Rettie Laura, Marsh John E, Liversedge Simon P, Wang Mengsi, Degno Federica
School of Psychology and Humanities, University of Central Lancashire, Preston, UK.
Engineering Psychology, Humans and Technology, Department of Business Administration, Technology and Social Sciences, Luleå University of Technology, Luleå, Sweden.
Q J Exp Psychol (Hove). 2025 Jun;78(6):1017-1040. doi: 10.1177/17470218241269327. Epub 2024 Aug 28.

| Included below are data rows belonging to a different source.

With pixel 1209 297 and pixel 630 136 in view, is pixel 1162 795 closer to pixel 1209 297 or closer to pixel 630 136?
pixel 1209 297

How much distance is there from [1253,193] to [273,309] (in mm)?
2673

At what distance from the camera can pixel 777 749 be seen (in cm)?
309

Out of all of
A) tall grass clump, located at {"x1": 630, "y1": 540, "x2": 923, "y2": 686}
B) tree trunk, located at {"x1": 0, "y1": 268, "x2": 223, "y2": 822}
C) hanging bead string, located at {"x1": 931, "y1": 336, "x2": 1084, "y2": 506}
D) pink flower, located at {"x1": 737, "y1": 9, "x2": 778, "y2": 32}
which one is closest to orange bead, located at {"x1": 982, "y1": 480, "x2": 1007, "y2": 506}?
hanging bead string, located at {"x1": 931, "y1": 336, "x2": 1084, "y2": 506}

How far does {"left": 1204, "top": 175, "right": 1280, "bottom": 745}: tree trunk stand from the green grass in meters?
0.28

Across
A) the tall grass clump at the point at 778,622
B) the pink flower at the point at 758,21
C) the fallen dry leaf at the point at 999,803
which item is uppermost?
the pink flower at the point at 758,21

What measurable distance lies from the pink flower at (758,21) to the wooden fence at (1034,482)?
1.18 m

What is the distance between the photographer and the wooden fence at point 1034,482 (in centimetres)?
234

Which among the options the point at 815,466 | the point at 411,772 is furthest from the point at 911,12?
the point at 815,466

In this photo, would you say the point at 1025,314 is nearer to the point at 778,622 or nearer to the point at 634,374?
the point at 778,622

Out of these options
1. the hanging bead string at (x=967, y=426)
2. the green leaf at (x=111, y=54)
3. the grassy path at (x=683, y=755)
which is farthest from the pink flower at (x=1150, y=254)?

Previous research suggests that unexpected (deviant) sounds negatively affect reading performance by inhibiting saccadic planning, which models of reading agree takes place simultaneous to parafoveal processing. This study examined the effect of deviant sounds on foveal and parafoveal processing. Participants read single sentences in quiet, standard (repeated sounds), or deviant sound conditions (a new sound within a repeated sound sequence). Sounds were presented with a variable delay coincident with the onset of fixations on target words during a period when saccadic programming and parafoveal processing occurred. We used the moving window paradigm to manipulate the amount of information readers could extract from the parafovea (the entire sentence or a 13-character window of text). Global, sentence-level analyses showed typical disruption to reading by the window, and under quiet conditions similar effects were observed at the target and post-target word in the local analyses. Standard and deviant sounds also produced clear distraction effects of differing magnitudes at the target and post-target words, though at both regions, these effects were qualified by interactions. Effects at the target word suggested that with sounds, readers engaged in less effective parafoveal processing than under quiet. Similar patterns of effects due to standard and deviant sounds, each with a different time course, occurred at the post-target word. We conclude that distraction via auditory deviation causes disruption to parafoveal processing during reading, with such effects being modulated by the degree to which a sound's characteristics are more or less unique.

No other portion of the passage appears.